Turns out it would be pretty damned pricey. The state borrowed $21.1 billion to build those roads (some construction is still underway) and expects to spend a total of $38.8 billion paying off that debt. James Bass, executive director of TxDOT, told state lawmakers it would cost about $30 billion — that’s his educated guess, mind you — to cash out this year.
The upside? Free highways. But who has $30 billion sitting idle?
This sort of fantasy finance is not new.
Lawmakers wanted to kill the state’s unpopular business franchise tax last session, but they would have had to give up $4.7 billion in state revenue every year. That would mean, in turn, either coming up with money from somewhere else or cutting the same amount from current state programs.
Both of those things, it turned out, were less palatable than the franchise tax. They settled for a significant cut of 25 percent, but most of the tax — along with the government programs it supports — remains in place. State officials expect it to still bring in about $3.5 billion annually.
And they were able to make that cut last year, in large measure, because state government was flush with a vibrant economy boosting sales taxes and an oil and gas boom boosting others. Lawmakers had the ingredients for a popular concoction: cutting taxes without cutting programs.
They’ve promised to return to that idea, and took testimony this week from business groups that want the franchise tax completely rubbed out.
Property taxes are generally the biggest target, and for good reason: They’re the biggest non-federal taxes most Texans pay. The state itself doesn’t levy a property tax, but allows it as a source of revenue for school systems and other local government entities.
Wiping out property taxes and replacing them with higher sales taxes is an attractive conservative talking point: Wouldn’t you like to get rid of property taxes in Texas, along with the built-in increases that come with rising property values? And what if the replacement revenue came from sales and other consumption taxes over which taxpayers can exercise some personal control?
Here’s the counterpoint: Property taxes bring in a total of about $49.1 billion per year, according to the Texas Comptroller of Public Accounts. (The number is inexact because not all local governments are required to report their property tax revenue to the state.)

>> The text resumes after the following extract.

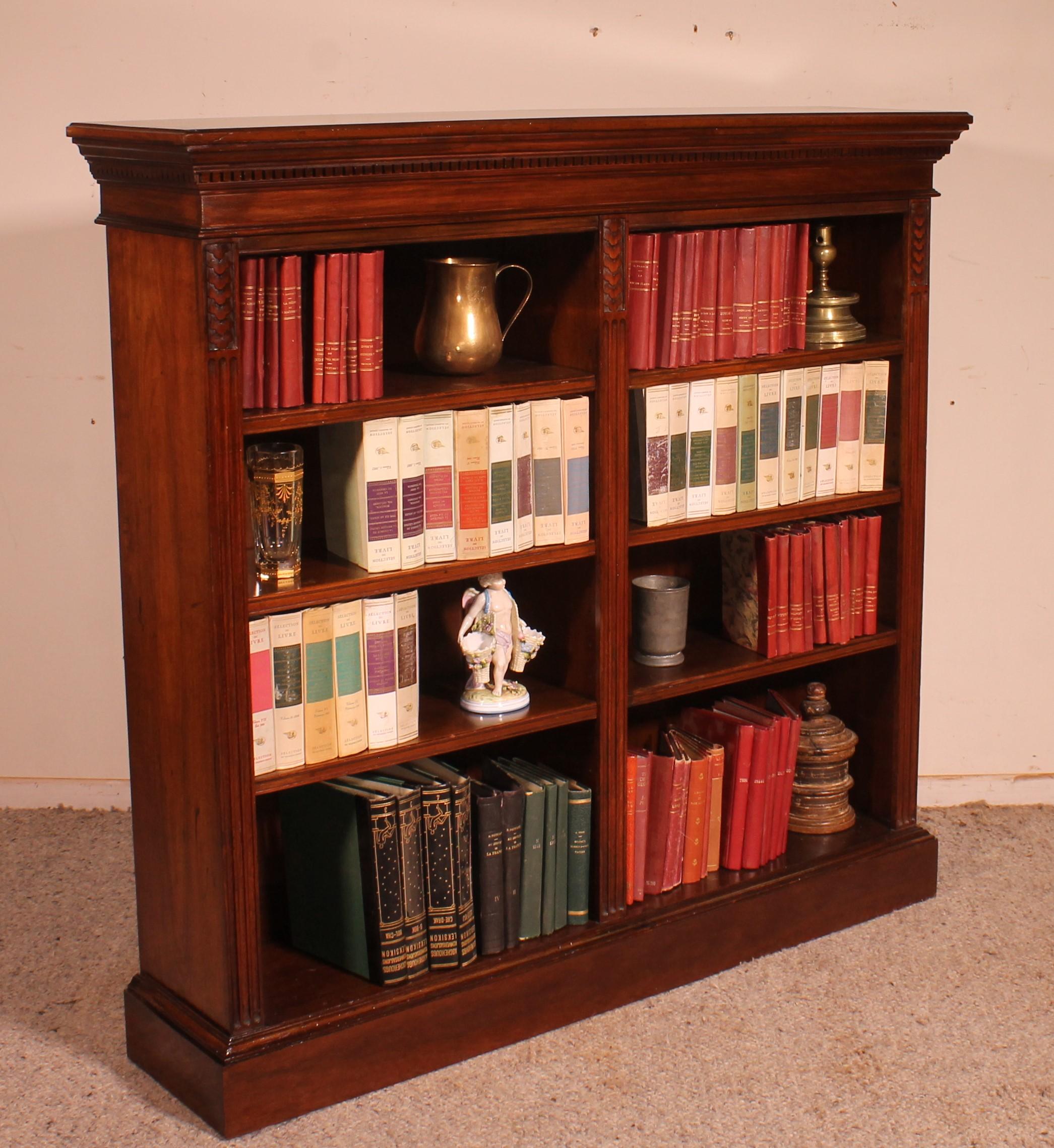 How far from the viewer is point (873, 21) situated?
336cm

The state portion of the sales taxes — at a rate of 6.25 percent — brought in $28.9 billion over the year that ended Aug. 31, 2015. That’s 55.9 percent of the state’s total revenue. Sales taxes on motor vehicle sales and rentals bring in another $4.5 billion, or 8.7 percent of the state’s revenue; $4.0 billion of that is from vehicle sales and use, where the rate is also 6.25 percent.
To bring in the $49.1 billion it would take to replace current property tax revenue, the sales tax rate would have to be raised to 16.87 percent. If the tax on motor vehicles was included, the new rate for the two sales taxes would be in the vicinity of 14.82 percent.
The folks at local town hall meetings across the state would love to be off the hook on property taxes, but they might not be too crazy about the bump in sales taxes.
That kind of increase would add $2,142.50 to the taxes on a $25,000 car. It would mean $1 in taxes for every $6.84 in taxable purchases.
There is, of course, another way to do it: The state could end property taxes altogether if lawmakers wanted to cut roughly a quarter of the state budget. If they could figure out how to cut that much without alarming and arousing voters, they would probably have done it already.
The same general arithmetic plagues other “simple” proposals — like the one to turn the state’s tollways into freeways.
The impulse to get rid of toll roads is relatively new, too. The toll boom in Texas was an answer to another math problem in state government. Texans wanted to ease congestion, but really, really hated proposals to raise gasoline taxes to pay for those roads. Political leaders settled on a more popular idea — that the people using a particular state benefit ought to be paying for it. User fees are one example.
Toll roads are another. They were popular, until the bills came due.